## Work required
Wherever pictures appear in the listing below, leave them out, and copy exactly, and only, everything from the line with "Suite with lake view, Splendid" down to the line with "初戦の宇部鴻城戦、4回裏無死".

## Material for this task
+++++

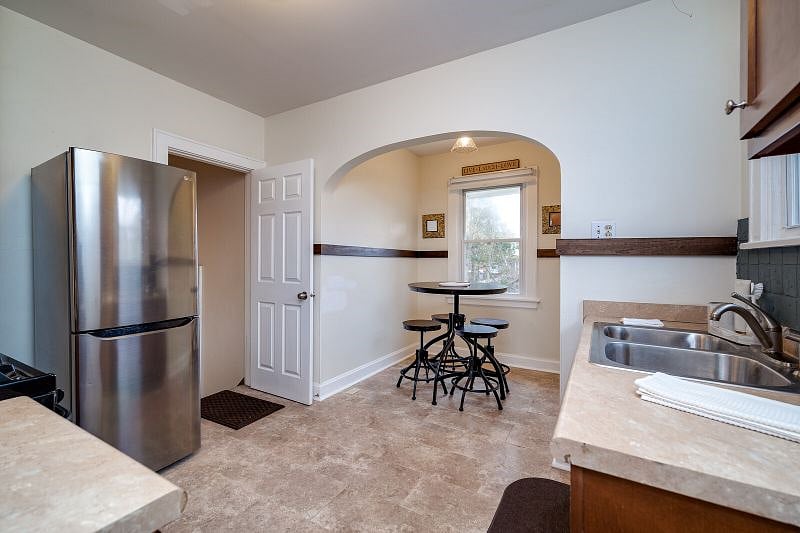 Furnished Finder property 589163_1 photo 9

+++++

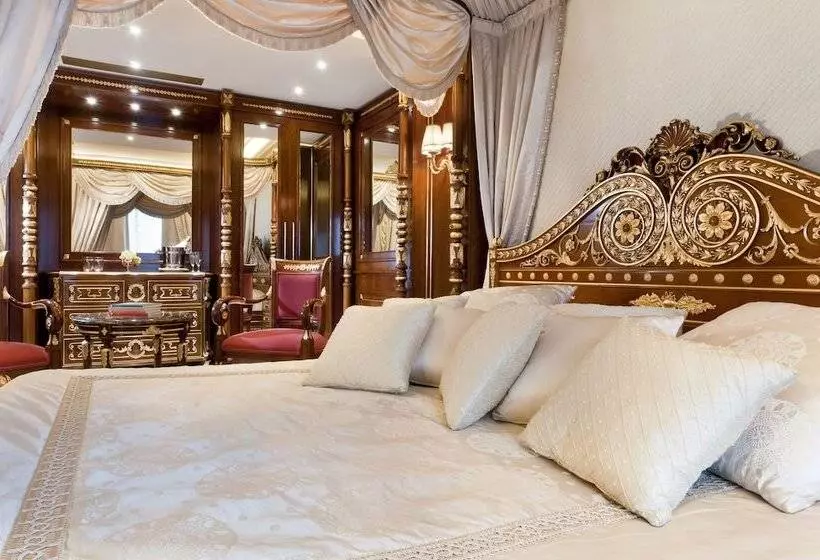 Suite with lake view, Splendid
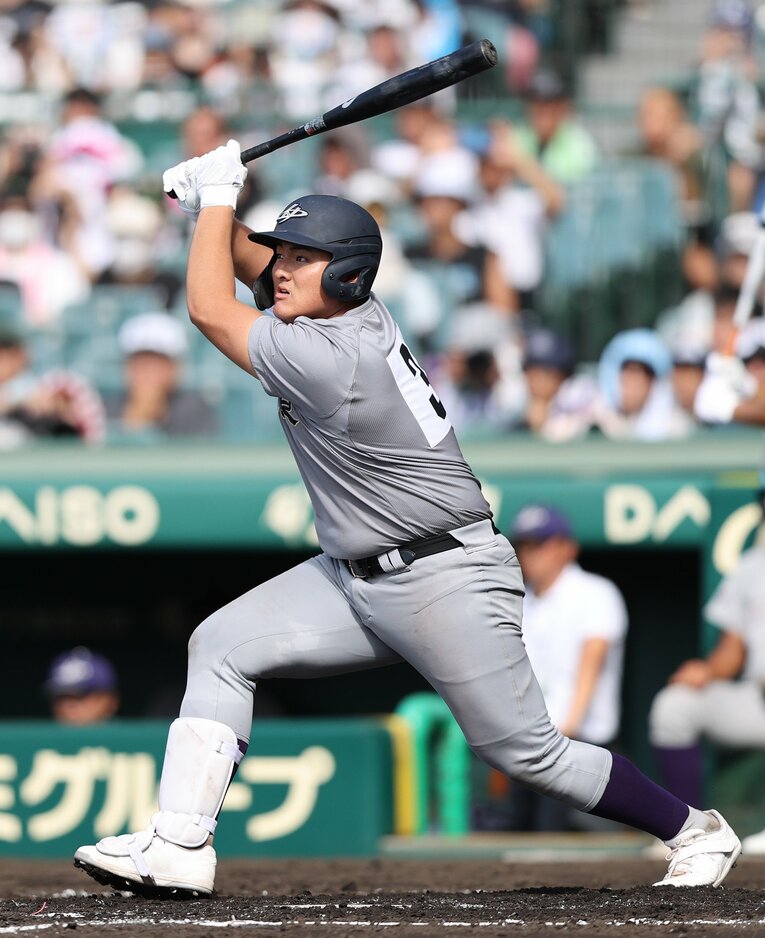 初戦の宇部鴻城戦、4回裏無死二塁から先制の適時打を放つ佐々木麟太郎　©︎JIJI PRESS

+++++

## Result of this task
 Suite with lake view, Splendid
 初戦の宇部鴻城戦、4回裏無死二塁から先制の適時打を放つ佐々木麟太郎　©︎JIJI PRESS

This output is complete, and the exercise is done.